- _WORK INSTRUCTION_: Exactly as written, please repeat the data that follows, but not the pictures.

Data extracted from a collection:
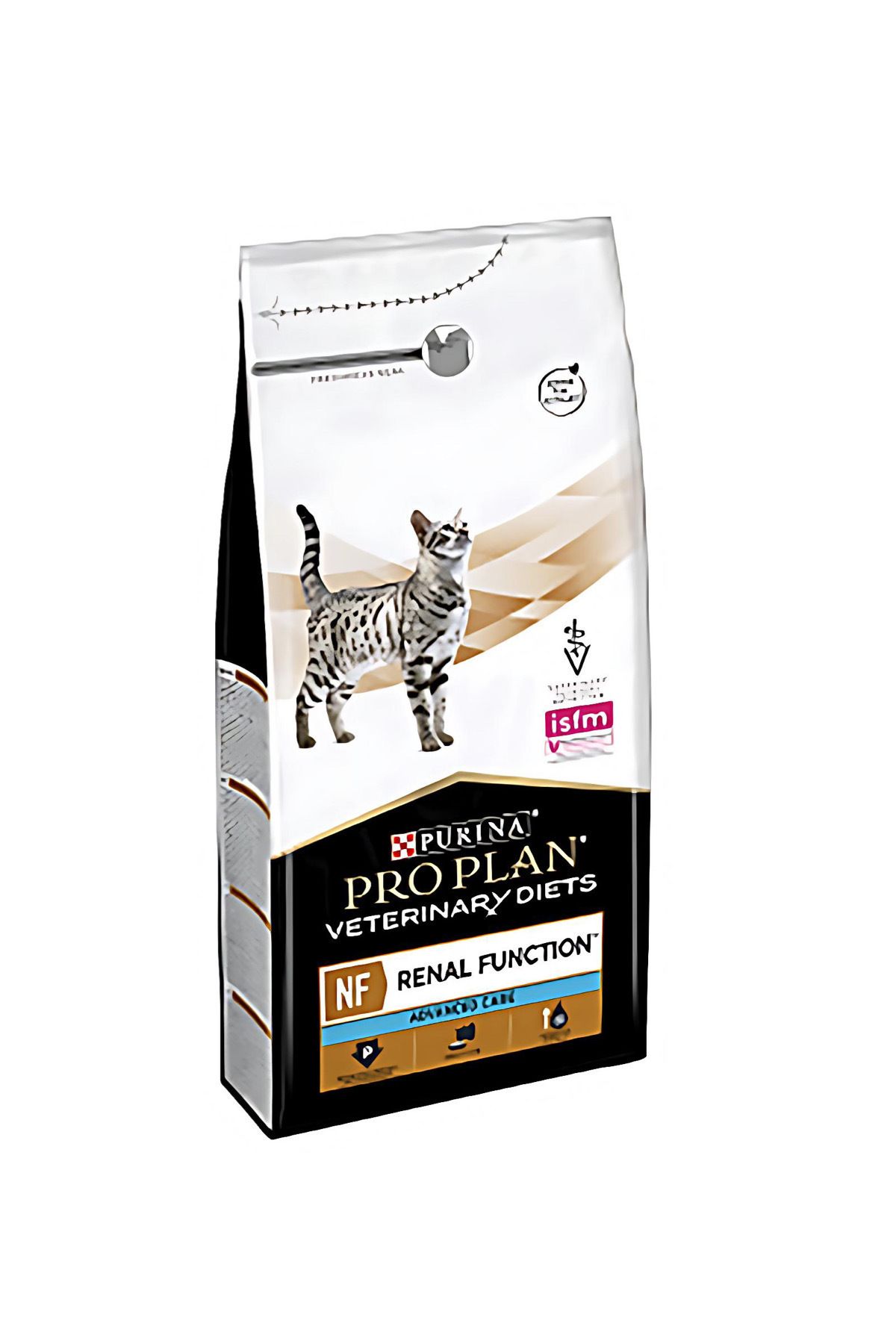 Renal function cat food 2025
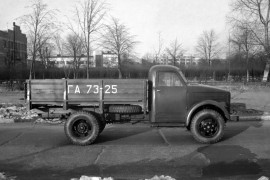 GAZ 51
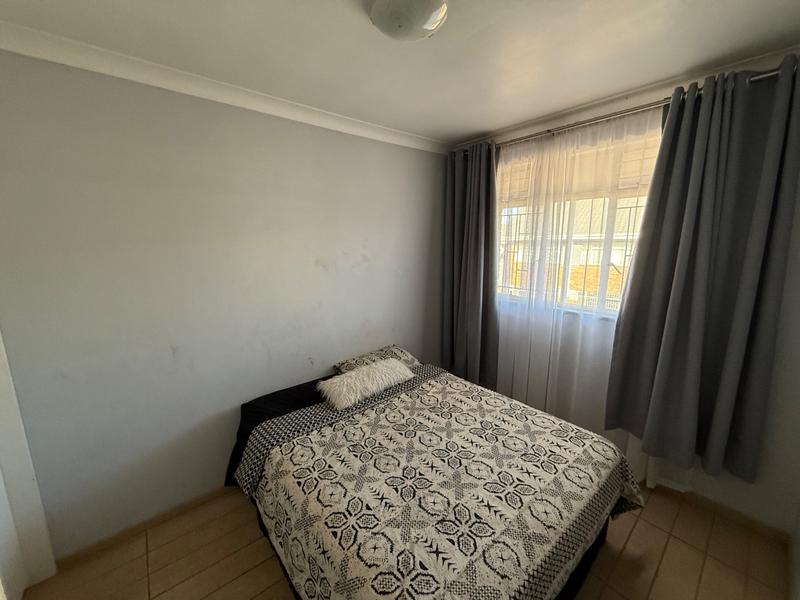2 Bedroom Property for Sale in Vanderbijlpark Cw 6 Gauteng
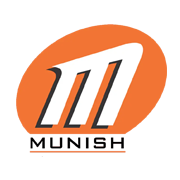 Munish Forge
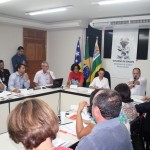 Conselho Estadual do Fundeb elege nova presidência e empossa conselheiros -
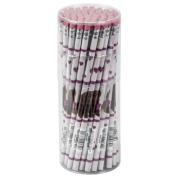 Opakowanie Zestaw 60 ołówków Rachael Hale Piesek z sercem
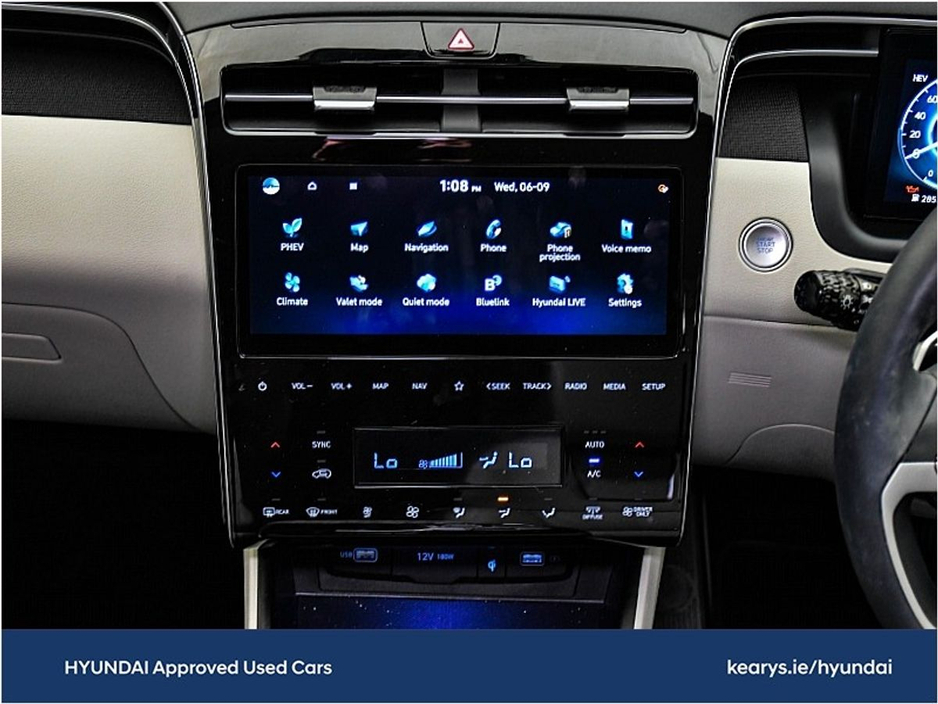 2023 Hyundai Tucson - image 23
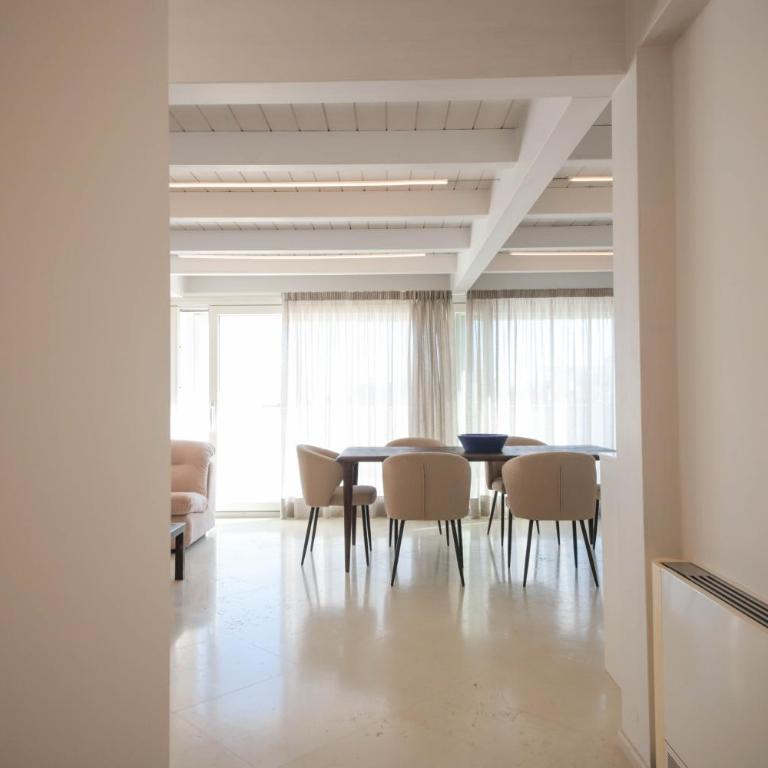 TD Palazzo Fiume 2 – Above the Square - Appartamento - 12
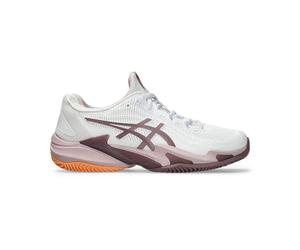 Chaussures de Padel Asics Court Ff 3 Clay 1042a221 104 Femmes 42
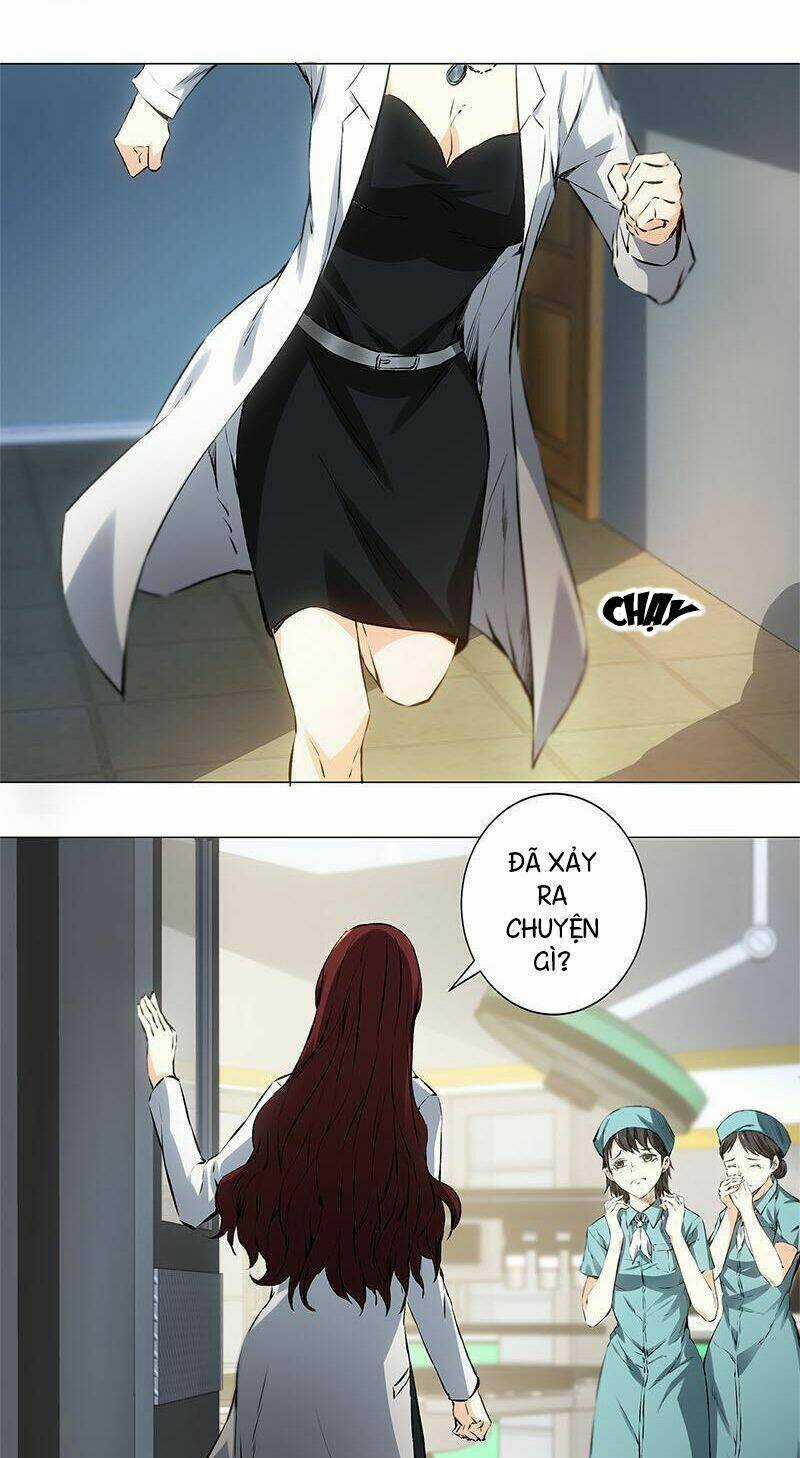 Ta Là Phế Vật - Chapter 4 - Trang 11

- _ANSWER TO THIS PROBLEM_:
 Renal function cat food 2025
 GAZ 51
2 Bedroom Property for Sale in Vanderbijlpark Cw 6 Gauteng
 Munish Forge
 Conselho Estadual do Fundeb elege nova presidência e empossa conselheiros -
 Opakowanie Zestaw 60 ołówków Rachael Hale Piesek z sercem
 2023 Hyundai Tucson - image 23
 TD Palazzo Fiume 2 – Above the Square - Appartamento - 12
 Chaussures de Padel Asics Court Ff 3 Clay 1042a221 104 Femmes 42
 Ta Là Phế Vật - Chapter 4 - Trang 11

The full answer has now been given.